1.35 +6 -6 apache-1.3/src/modules/proxy/mod_proxy.h
Index: mod_proxy.h
===================================================================
RCS file: /home/cvs/apache-1.3/src/modules/proxy/mod_proxy.h,v
retrieving revision 1.34
retrieving revision 1.35
diff -u -u -r1.34 -r1.35
--- mod_proxy.h 1998/05/27 22:56:04 1.34
+++ mod_proxy.h 1998/06/02 12:50:46 1.35
@@ -188,11 +188,11 @@
/* static information about the local cache */
struct cache_conf {
const char *root; /* the location of the cache directory */
- int space; /* Maximum cache size (in 1024 bytes) */
- int maxexpire; /* Maximum time to keep cached files in secs */
- int defaultexpire; /* default time to keep cached file in secs */
+ off_t space; /* Maximum cache size (in 1024 bytes) */
+ time_t maxexpire; /* Maximum time to keep cached files in secs */
+ time_t defaultexpire; /* default time to keep cached file in secs */
double lmfactor; /* factor for estimating expires date */
- int gcinterval; /* garbage collection interval, in seconds */
+ time_t gcinterval; /* garbage collection interval, in seconds */
int dirlevels; /* Number of levels of subdirectories */
int dirlength; /* Length of subdirectory names */
};
@@ -207,7 +207,7 @@
array_header *nocaches;
char *domain; /* domain name to use in absence of a domain name in the request */
int req; /* true if proxy requests are enabled */
- int recv_buffer_size;
+ size_t recv_buffer_size;
} proxy_server_conf;
struct hdr_entry {
@@ -229,7 +229,7 @@
time_t lmod; /* last-modified date of cached entity */
time_t date; /* the date the cached file was last touched */
int version; /* update count of the file */
- unsigned int len; /* content length */
+ off_t len; /* content length */
char *protocol; /* Protocol, and major/minor number, e.g. HTTP/1.1 */
int status; /* the status of the cached file */
char *resp_line; /* the whole status like (protocol, code + message) */
1.42 +182 -55 apache-1.3/src/modules/proxy/proxy_cache.c
Index: proxy_cache.c
===================================================================
RCS file: /home/cvs/apache-1.3/src/modules/proxy/proxy_cache.c,v
retrieving revision 1.41
retrieving revision 1.42
diff -u -u -r1.41 -r1.42
--- proxy_cache.c 1998/05/29 18:20:58 1.41
+++ proxy_cache.c 1998/06/02 12:50:46 1.42
@@ -71,33 +71,37 @@
DEF_Explain
-#ifndef abs
-#define abs(c) ((c) >= 0 ? (c) : -(c))
-#endif
-
struct gc_ent {
unsigned long int len;
time_t expire;
char file[HASH_LEN + 1];
-
};
-
-static int gcdiff(const void *ap, const void *bp)
-{
- const struct gc_ent *a = *(const struct gc_ent * const *) ap;
- const struct gc_ent *b = *(const struct gc_ent * const *) bp;
-
- if (a->expire > b->expire)
- return 1;
- else if (a->expire < b->expire)
- return -1;
- else
- return 0;
-}
-static int curbytes, cachesize, every;
-static unsigned long int curblocks;
-static time_t garbage_now, garbage_expire;
+/* Poor man's 61 bit arithmetic */
+typedef struct {
+ long lower; /* lower 30 bits of result */
+ long upper; /* upper 31 bits of result */
+} long61_t;
+
+/* FIXME: The block size can be different on a `per file system' base.
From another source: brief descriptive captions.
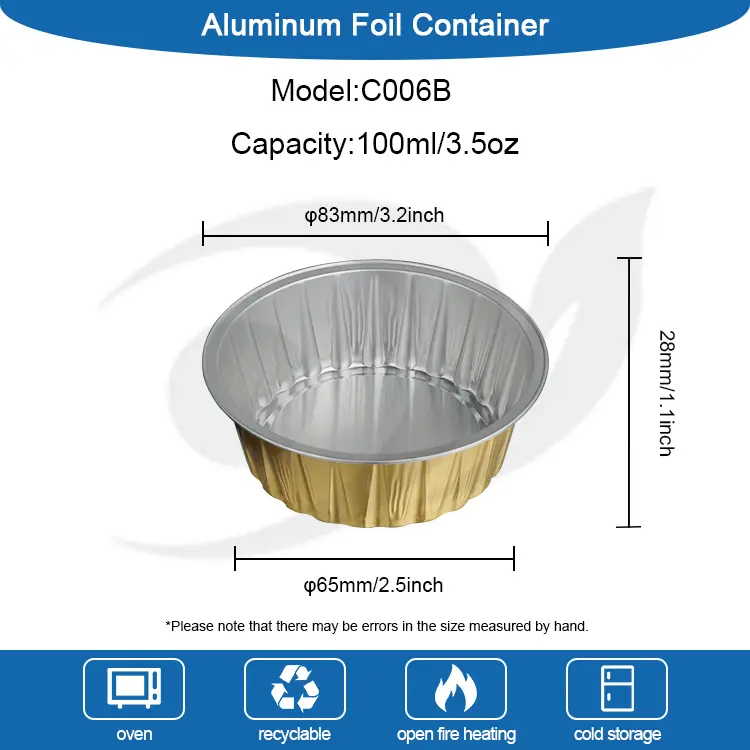 Στρογγυλά γυαλιά ψησίματος κέικ λείο αλουμινίου αλουμινίου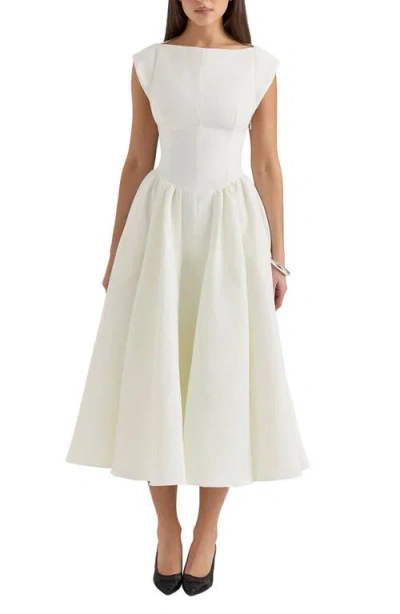 House Of Cb Debutante Backless Midi Dress In Ivory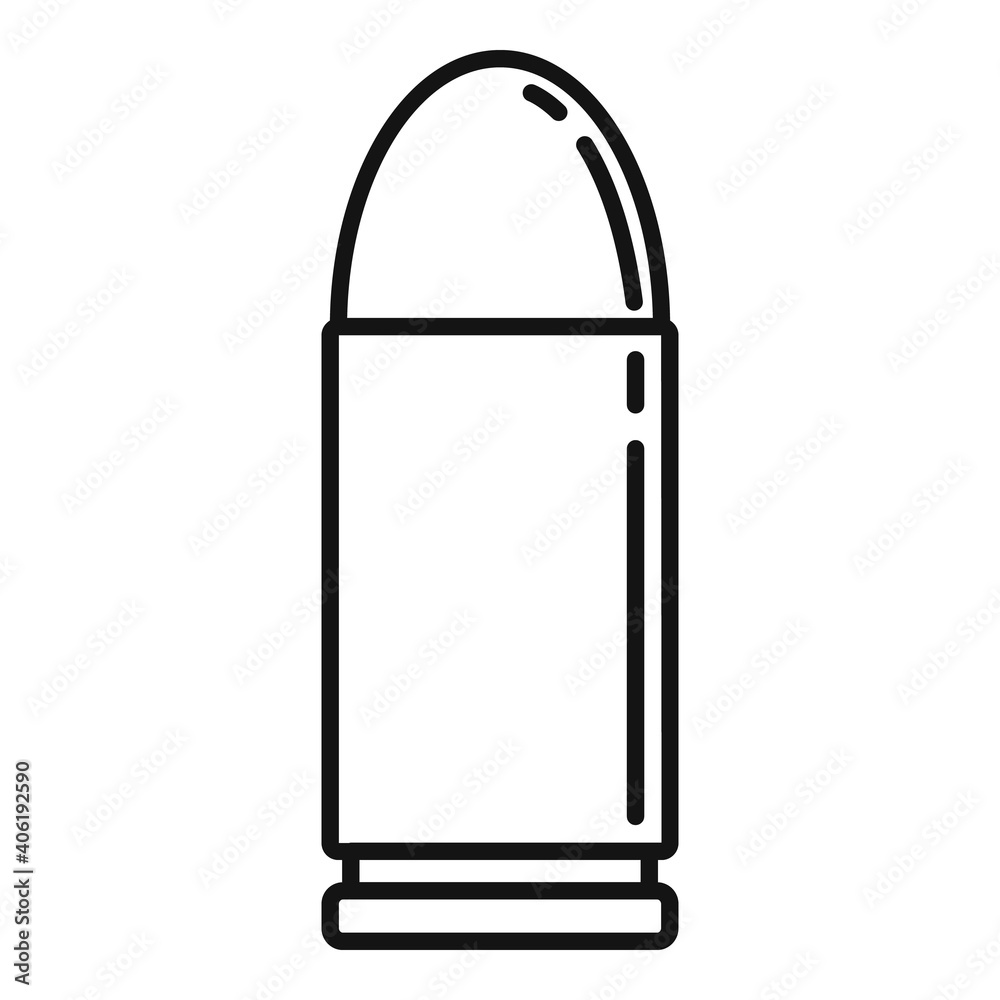 Poster pistol bullet icon. outline pistol bullet vector icon for web design isolated on white background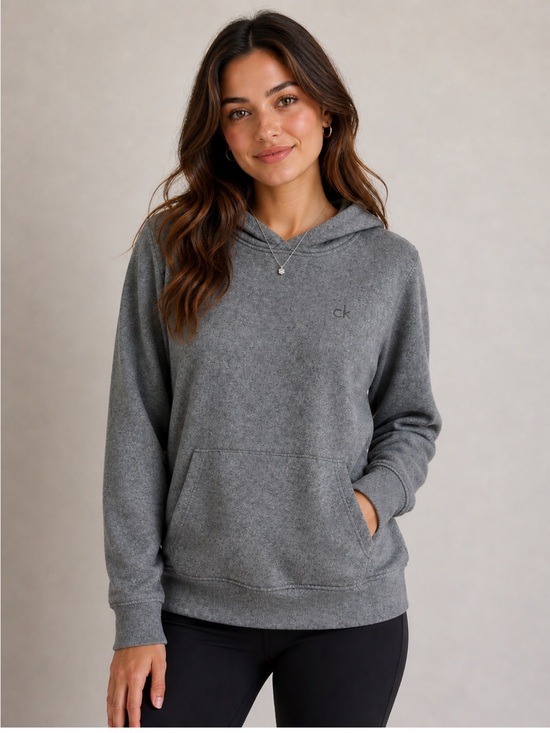 Calvin Klein Jeans Tops - Calvin Klein Women’s Gray Pullover Hoodie Sweatshirt Size L CK Logo Lightweight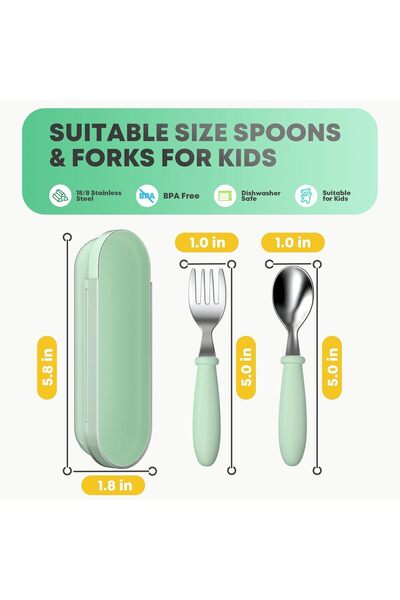 Yelajoy Toddler Flatware Set – 2-Piece Fork & Spoon Set with Storage Case (Green+Blue)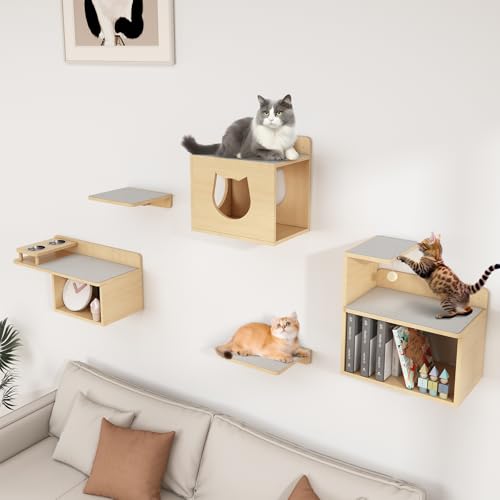 DAWNYIELD Katzen Kletterwand Set, 4 in 1 Katze Wand Möbel mit Katze Haus, Hölzerne Katze Regale Sitzstangen für Wände, Indoor Katzen Wandelemente Plattform mit Katzennapf von DAWNYIELD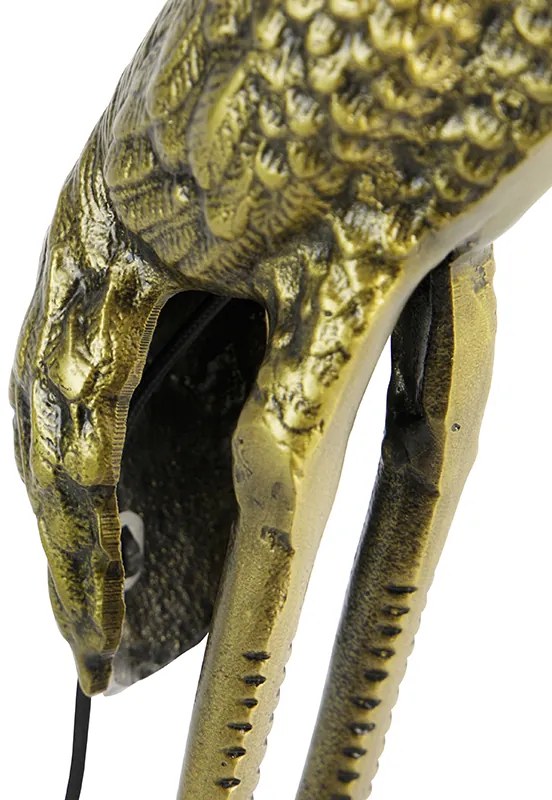 Винтидж подова лампа месинг текстилен абажур черен - Animal Crane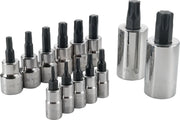 Craftsman chrome Torx bit socket set CMMT49294, 14 pieces, front angle on white background.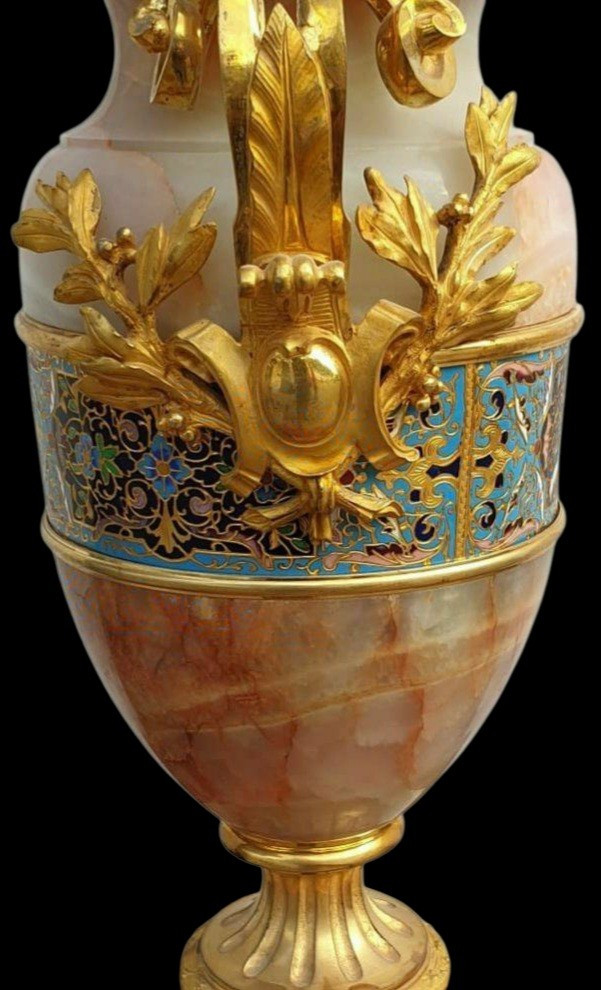 Vase en onyx d'Algérie par Eugène Cornu XIXe siècle cloisonné -photo-3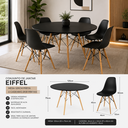 Ver imagem 2 de Conjunto de Jantar Eiffel: Mesa 120cm Preta e 6 Cadeiras Dkr - Design e Estilo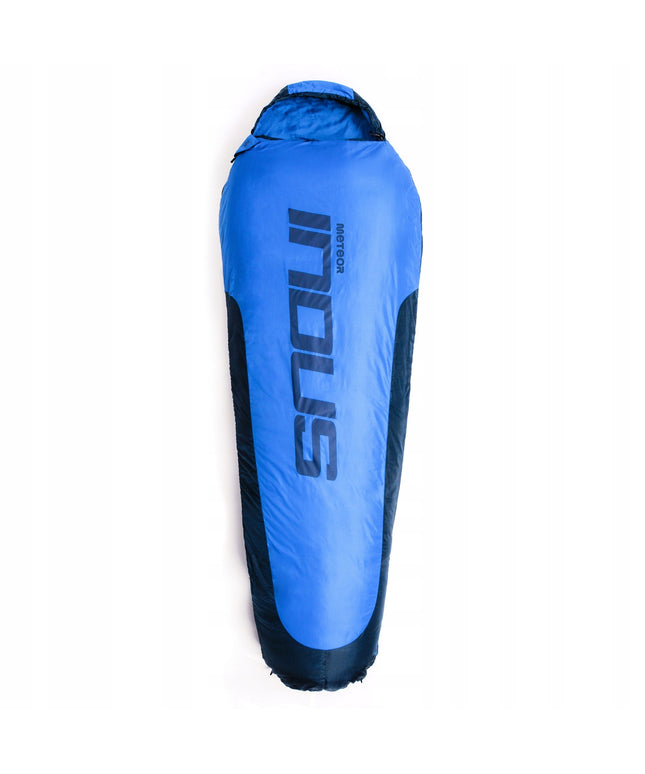 Miegmaišis Meteor Indus R mumijos tipo 220x80/50 cm dviejų sezonų lengvas turistinis miegmaišis mėlynos spalvos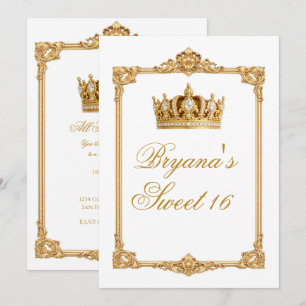 Invitation Couronne Royale Couronnée d'Or Fête d'Anniversaire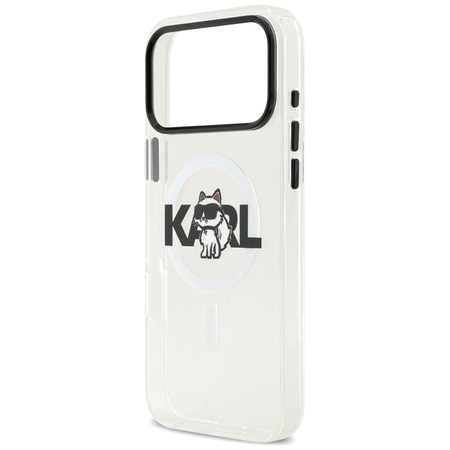 Karl Lagerfeld IML Choupette Sketch Logo MagSafe - Hülle für iPhone 17 Pro Max (transparent)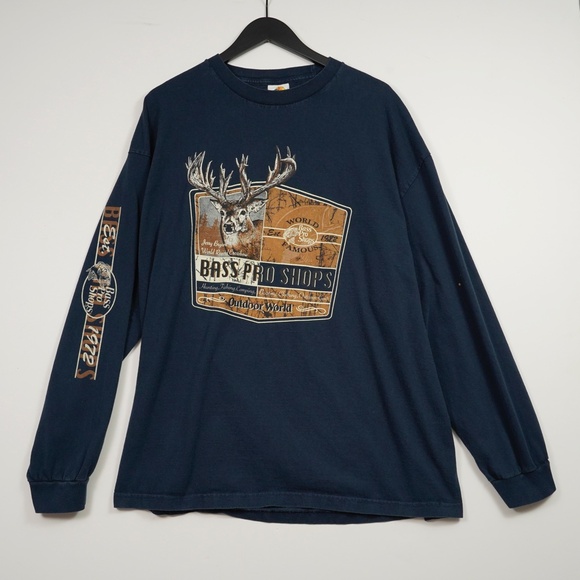 Bass Pro Shops Deer Graphic Long Sleeve T-Shirt 2XL Navy Fishing Hunting Camping - Picture 1 of 8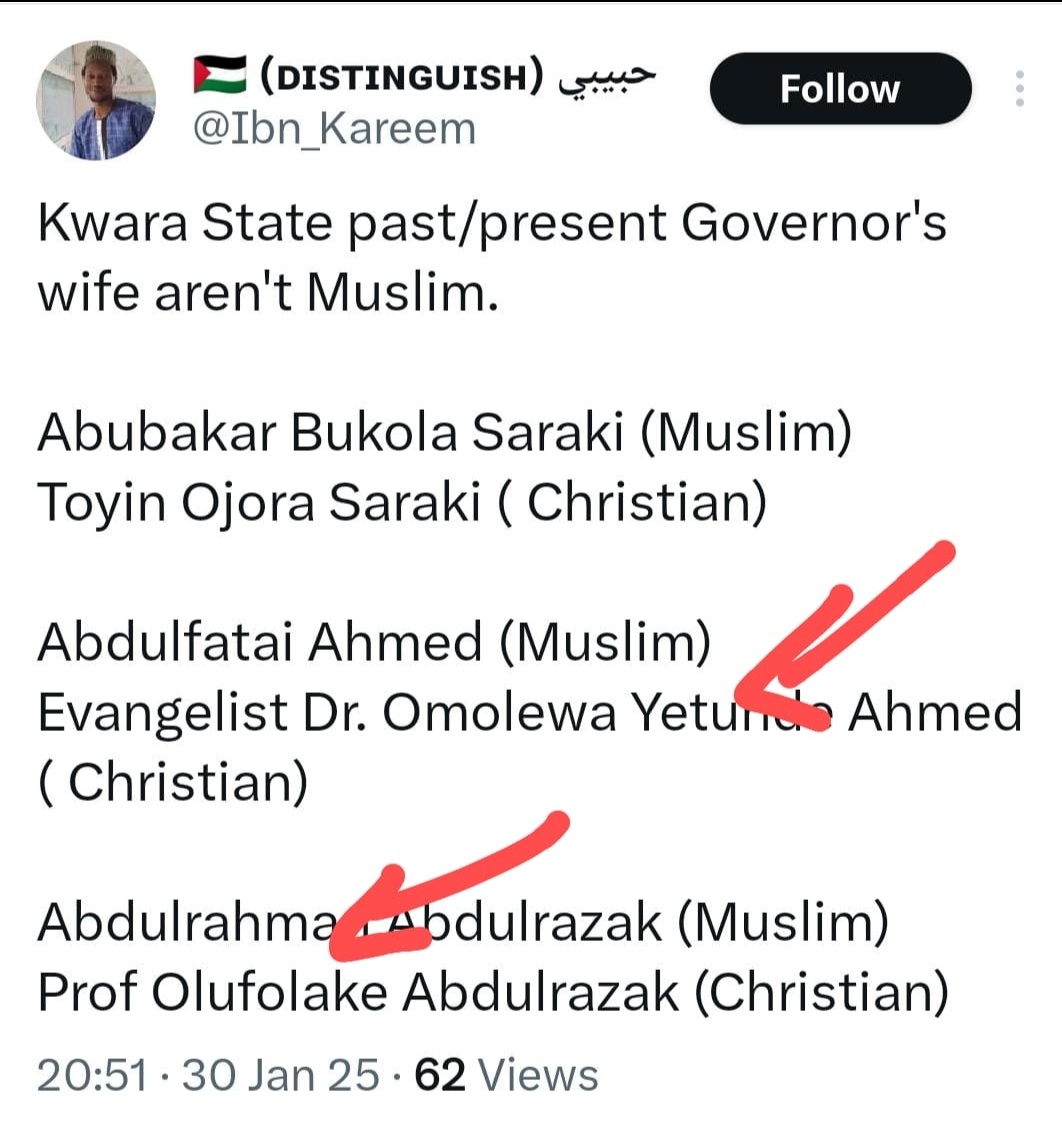 Jani4Tijani's tweet image. What is it with dis epidemic of hnd holder governors wives dat block purchase dud Professor n Dr titles?

#FunFacts #BeSimple #BeHumble

D most educated n accomplished n pedigreed of dis 3 christian former and current @firstladykwara's uses no fake (dis)honorary title at all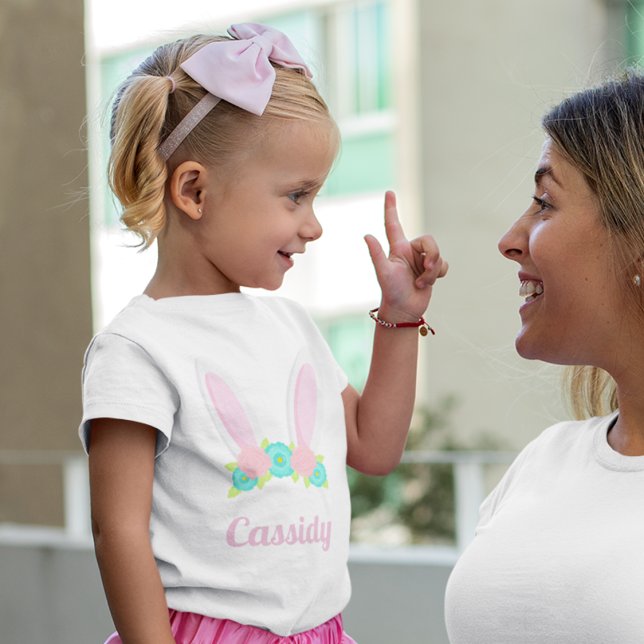 Cute Bunny Ears Tiara Easter Personalized Toddler T-shirt (Creator Uploaded)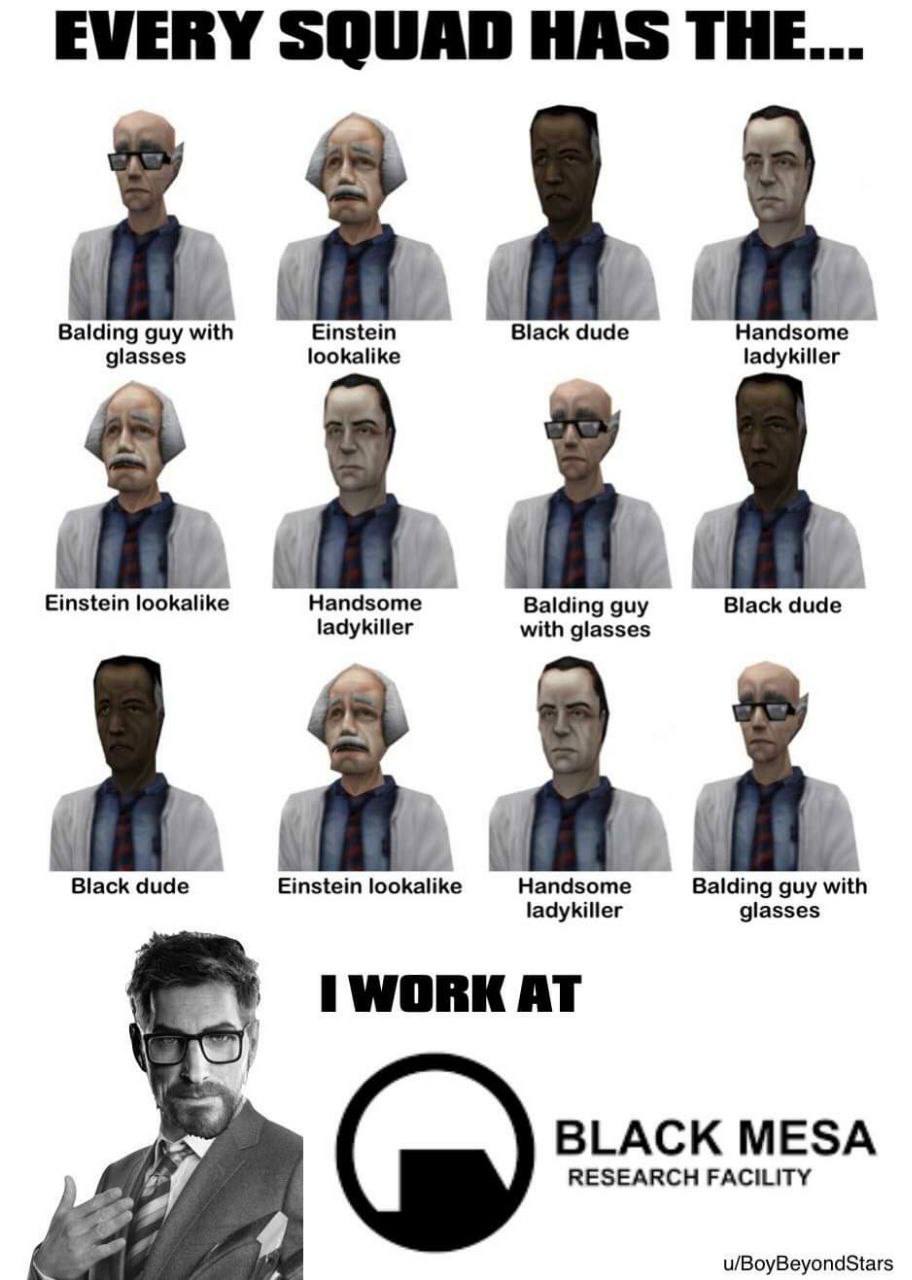 EVERY SQUAD HAS THE... Balding guy with Einstein Black dude Handsome glasses lookalike ladykiller Einstein lookalike Handsome Balding guy Black dude ladykiller with glasses aad Black dude Einstein loo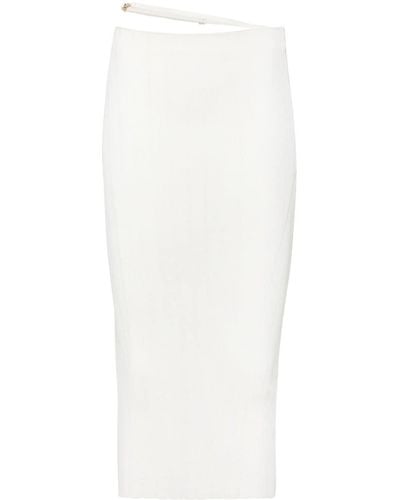 Jacquemus La Jupe Parlu Knitted Midi Skirt - White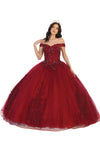 Load image into Gallery viewer, LA Merchandise LA136 Quinceanera Off Shoulder Floral Corset Ball Gown - BURGUNDY - LA Merchandise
+ * This would make automatic detection highly OS specific.
+ * In the GNU fileutils code for du(1), you can see how complicated it can
+ * become to detect the block size. And, with BSD-4.x fragments, it
+ * it even more difficult to get precise results.
+ * As a compromise (and to improve on the incorrect counting of cache
+ * size on byte level, omitting directory sizes entirely, which was
+ * used up to apache-1.3b7) we're rounding to multiples of 512 here.
+ * Your file system may be using larger blocks (I certainly hope so!)
+ * but it will hardly use smaller blocks.
+ * (So this approximation is still closer to reality than the old behavior).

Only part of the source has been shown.